To prevent losing all this information in a catastrophe, many enterprises prefer to back up Trident’s etcd volume to restore later if necessary. Currently, there are two methods to back up etcd:

  • ONTAP Snapshot feature
  • etcdctl

In order to use the ONTAP Snapshot feature, storage administrators back up the volume by assigning Trident’s etcd volume to an appropriate snapshot policy defined in ONTAP. The volume could then be restored by the administrator using the ONTAP CLI command: volume snapshot restore.

As an alternative, Kubernetes administrators can use etcdctl to backup Trident’s etcd data store and ultimately restore the volume if required. This blog describes the procedure to back up Trident’s internal etcd by creating snapshots using etcdctl. It also covers the restore procedure from snapshots via etcdctl.

What is etcdctl?

The etcdctl command line utility provides access to an etcd key value store. It automatically installs when the etcd cluster is set up and configured. etcdctl offers the ability to take a snapshot of the etcd cluster which can be later restored using the same utility.

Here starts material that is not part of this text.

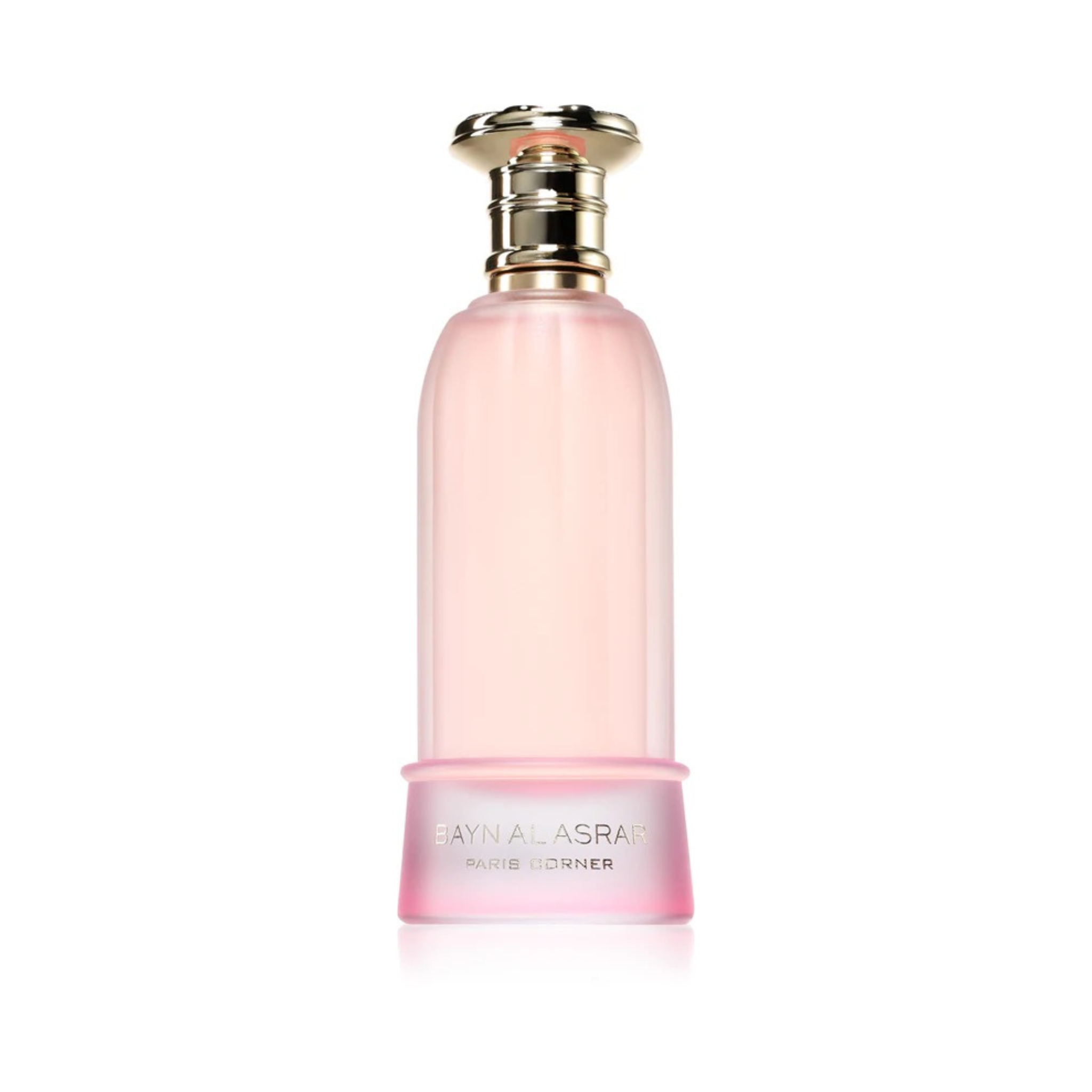 Paris Corner Bayn Al Asrar Eau de Parfum 80 ml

For backward compatibility, etcdctl uses its APIv2 to communicate with the etcd datastore by default. However, the APIv3 must be used to create and restore snapshots. Therefore, be sure to set the API to version 3 prior to creating or restoring a snapshot.

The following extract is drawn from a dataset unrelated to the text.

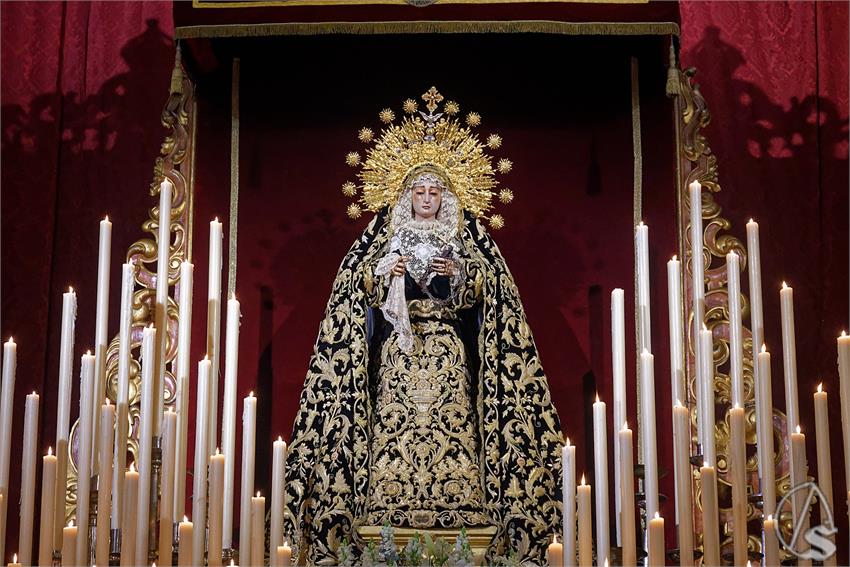fjmontiel_Quinario_Soledad_San_Lorenzo_2025_DSC_2131_DxO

Creating etcdctl Snapshots

Create a snapshot of Trident’s etcd data to use for backup regularly. Store the snapshots under the persistent Trident NetApp volume /var/etcd/data so snapshots are stored safely and securely. Check the volume periodically to be sure it does not run out of space.

To create the snapshot, log into Trident’s etcd container. Issue the command etcdctl snapshot save /var/etcd/data/<name>.db  to take a point in time snapshot of the etcd cluster. Below gives an example of connecting to Trident’s etcd container, setting the API to version 3, and taking a snapshot of the etcd database. We call the snapshot file snapshot1.db in the below example.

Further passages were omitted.